East European country set to become a testing bed for a technology that could be at odds with EU’s decarbonisation strategy
US presidential climate envoy John Kerry and Romanian president Klaus Iohannis in Glasgow
US presidential envoy for climate John Kerry has announced Romania will be the first country to build a next-generation nuclear power station using US-designed small modular reactor (SMR) technology.
The SMR technology is as yet unproven, and the plan is being promoted as a test of its contribution to climate mitigation. The White House said Romania will be taking a “huge technological” leap in the race to secure non-fossil energy supplies in eastern Europe, with the new nuclear reactor helping to decarbonising country’s electricity supply, which is currently dependent on seven coal fired power stations.
SMRs have been in development around the world for several years, and in 2014 the US Energy Department stepped up funding to move the technology faster. The reactors are a tenth to a fourth the size of conventional models, and can be mass-produced in a factory rather than assembled on-site. That means they could be used not just in big central electricity plants, but also as power sources in other factories or industrial installations.
Advocates of the technology say it will be safer than conventional fission reactors. The US Nuclear Regulatory Commission recently gave a green light to the basic design, but it isn’t clear yet whether local communities in the US or Romania would accept the installations.
Meanwhile, the political future of nuclear energy – large or small – in Europe is still uncertain. EU member states are debating whether nuclear energy and gas should be part of the bloc’s transition to a low carbon economy over the next decades. While Germany has given up on its nuclear power plants, other countries such as France and Belgium rely heavily on electricity produced via nuclear fission. Last month, French President Emmanual Macron unveiled plans to build small-scale nuclear plants, which are also part of the UK plan to reach net zero.
The Romanian plant will use six small reactor modules designed by NuScale Power, the Portland, Oregon company pioneering their design. The White House claims the project will create 3,700 American and Romanian jobs, and could scale up to a larger industry. For the US, building a plant in Romania has an added geopolitical bonus of reducing Europe’s dependence on Russian oil and gas.

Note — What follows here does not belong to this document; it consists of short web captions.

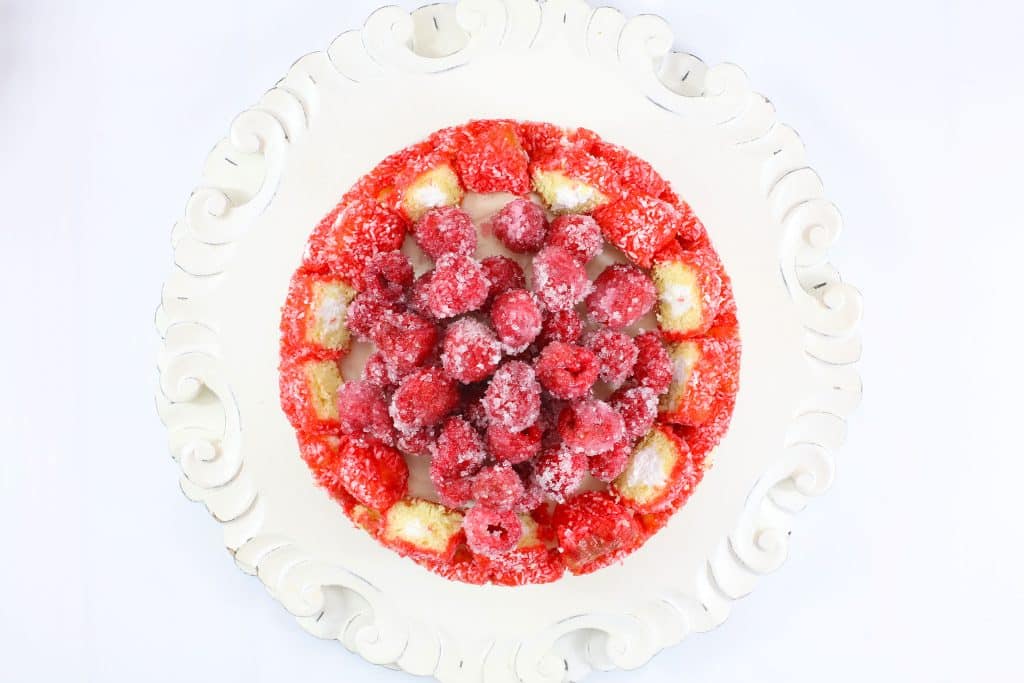 raspberry zinger cheesecake on a white cake stand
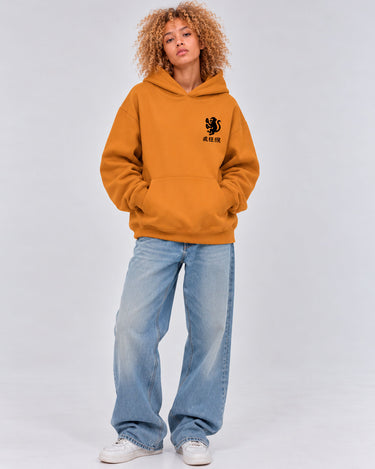 Sudadera unisex color mostaza con capucha, logo negro en el pecho, modelo con pantalones anchos y zapatillas.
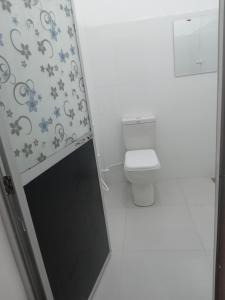 a bathroom with a toilet and a shower curtain at VILLA AAA WELIGAMA in Weligama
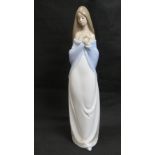 A Nao figurine, slender girl in wrap, 36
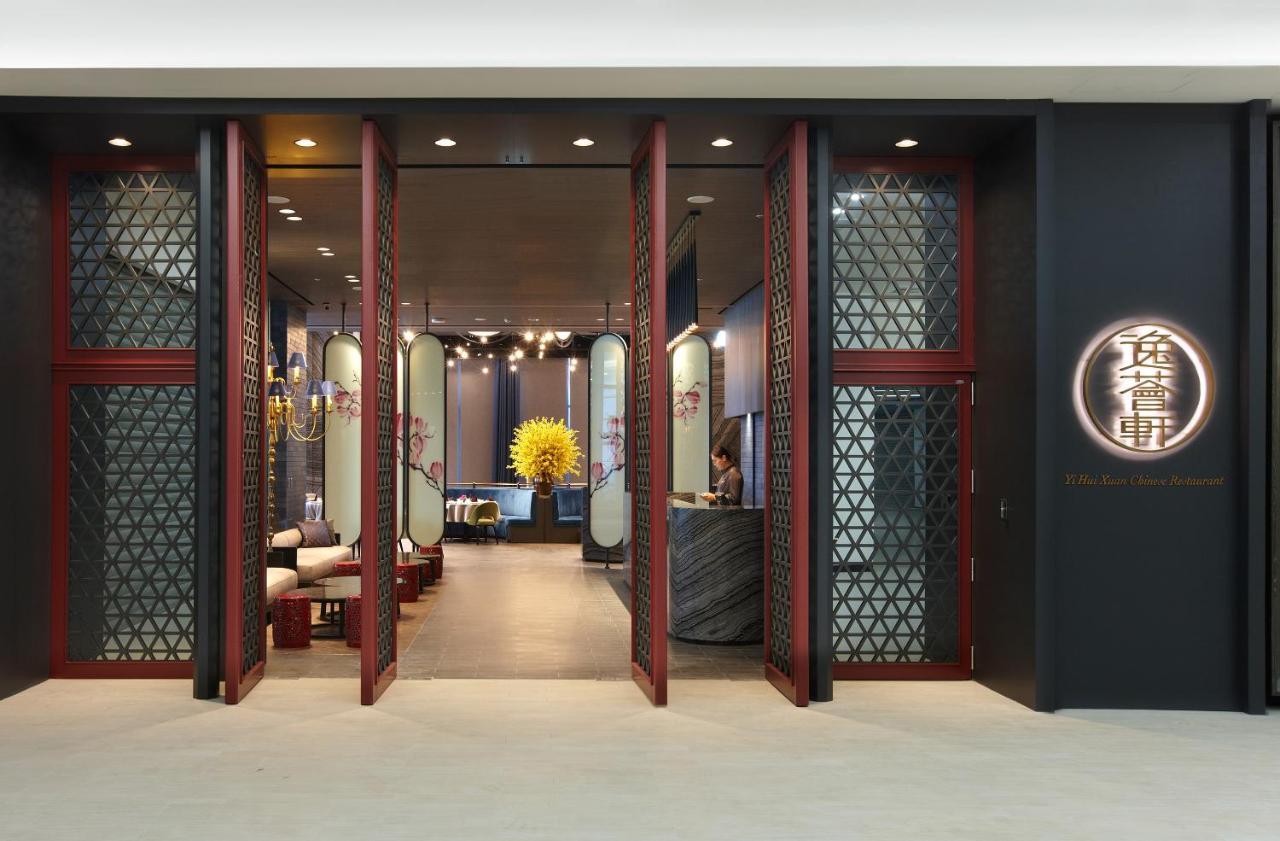 COZZI Blu Hotel Zhongli Exterior foto The entrance of the restaurant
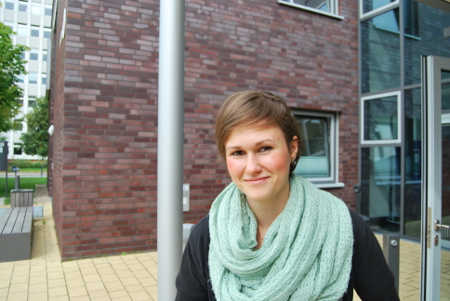 Ein Frau mit kurzen Haaren und türkisem Schal, schaut vor einem Gebäude der FH Kiel in die Kamera.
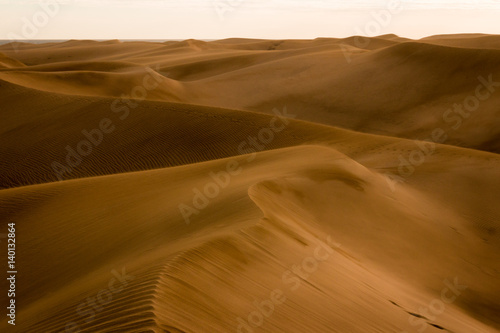 Sand dunes while sandstorm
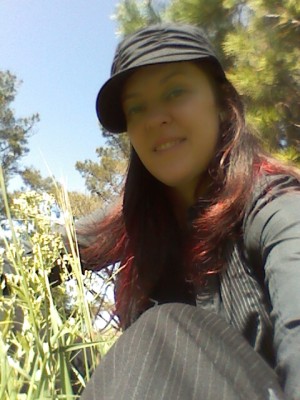 smiling woman with long red hair, wearing a black cap, black pinstripe pants and a black long sleeve button down shirt, sitting in tall grass with pine trees behind her.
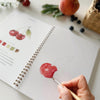 Emily Lex Studio Fruit Watercolor Workbook - product shown open with paint brush and hands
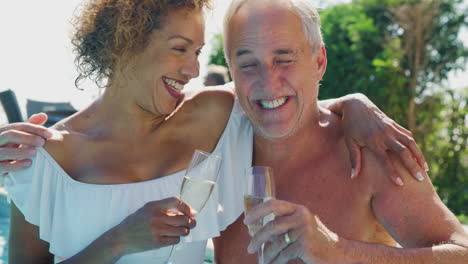 Älteres-Ehepaar-Im-Ruhestand,-Das-Sich-Im-Sommerurlaub-Im-Schwimmbad-Entspannt-Und-Champagner-Trinkt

A previous attempt by the US to invest an energy project in Romania failed after green activists blocked a fracking plant planned by Chevron at a site in Pungești. The US energy giant argued the project would help Romania become less dependent on gas imports from Russia, but was forced to abandon it after three years of protests.
Out goes China, in comes the US
If fracking didn’t work out back in 2015, the US government is now trying its luck with nuclear energy.
Romania has one old-style nuclear power plant built near the Black Sea coast in 1982 by Nicolae Ceaușescu’s communist regime. The Cernavodă nuclear plant currently produces one fifth of the country’s electricity, but only two out of its four reactors have been completed and are operational.
In 2015, the government began negotiations with China’s General Nuclear Power Group to finish installing the other two reactors, but talks over the €6.5 billion deal were suspended last year in June. Back then, economy minister Virgil Popescu said the Chinese deal fell through because Romania had to protect its “strategic partnership” with the US.
A few months later, Popescu and former US Energy Secretary Dan Brouillette announced a draft agreement to work together to complete the two reactors. Commentators said at the time the all-out trade war started by former US President Donald Trump with China forced the hand of the Romanian government to prioritise its partnership with the US over anything else.
A potential deal on the SMR plants first came to light in January: eight days before Trump was replaced by Joe Biden, the US Trade and Development Agency (USTDA) announced a $1.28 million grant to Nuclearelectrica SA, the state-owned company that runs the nuclear plant in Cernavodă, to cover the costs of finding additional sites that could be suitable for SMR reactors.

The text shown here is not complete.